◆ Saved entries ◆
%%
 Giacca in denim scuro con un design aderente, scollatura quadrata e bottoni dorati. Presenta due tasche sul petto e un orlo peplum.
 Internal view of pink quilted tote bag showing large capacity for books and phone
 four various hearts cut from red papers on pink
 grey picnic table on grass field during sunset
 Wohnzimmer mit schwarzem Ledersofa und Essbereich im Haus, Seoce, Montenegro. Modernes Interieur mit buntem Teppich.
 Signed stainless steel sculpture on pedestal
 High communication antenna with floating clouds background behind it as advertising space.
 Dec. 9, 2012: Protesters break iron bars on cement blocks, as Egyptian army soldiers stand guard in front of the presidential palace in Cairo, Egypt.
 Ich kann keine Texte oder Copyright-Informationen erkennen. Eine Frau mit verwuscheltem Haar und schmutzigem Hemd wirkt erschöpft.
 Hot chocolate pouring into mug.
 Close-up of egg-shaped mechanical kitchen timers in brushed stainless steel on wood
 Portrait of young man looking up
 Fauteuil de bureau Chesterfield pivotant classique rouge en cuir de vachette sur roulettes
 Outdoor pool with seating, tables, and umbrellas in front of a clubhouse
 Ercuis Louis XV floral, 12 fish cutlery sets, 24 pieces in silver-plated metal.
%%
◆ Description of the task ◆
Repeat all of the entries exactly.

◆ Result of this exercise ◆
 Giacca in denim scuro con un design aderente, scollatura quadrata e bottoni dorati. Presenta due tasche sul petto e un orlo peplum.
 Internal view of pink quilted tote bag showing large capacity for books and phone
 four various hearts cut from red papers on pink
 grey picnic table on grass field during sunset
 Wohnzimmer mit schwarzem Ledersofa und Essbereich im Haus, Seoce, Montenegro. Modernes Interieur mit buntem Teppich.
 Signed stainless steel sculpture on pedestal
 High communication antenna with floating clouds background behind it as advertising space.
 Dec. 9, 2012: Protesters break iron bars on cement blocks, as Egyptian army soldiers stand guard in front of the presidential palace in Cairo, Egypt.
 Ich kann keine Texte oder Copyright-Informationen erkennen. Eine Frau mit verwuscheltem Haar und schmutzigem Hemd wirkt erschöpft.
 Hot chocolate pouring into mug.
 Close-up of egg-shaped mechanical kitchen timers in brushed stainless steel on wood
 Portrait of young man looking up
 Fauteuil de bureau Chesterfield pivotant classique rouge en cuir de vachette sur roulettes
 Outdoor pool with seating, tables, and umbrellas in front of a clubhouse
 Ercuis Louis XV floral, 12 fish cutlery sets, 24 pieces in silver-plated metal.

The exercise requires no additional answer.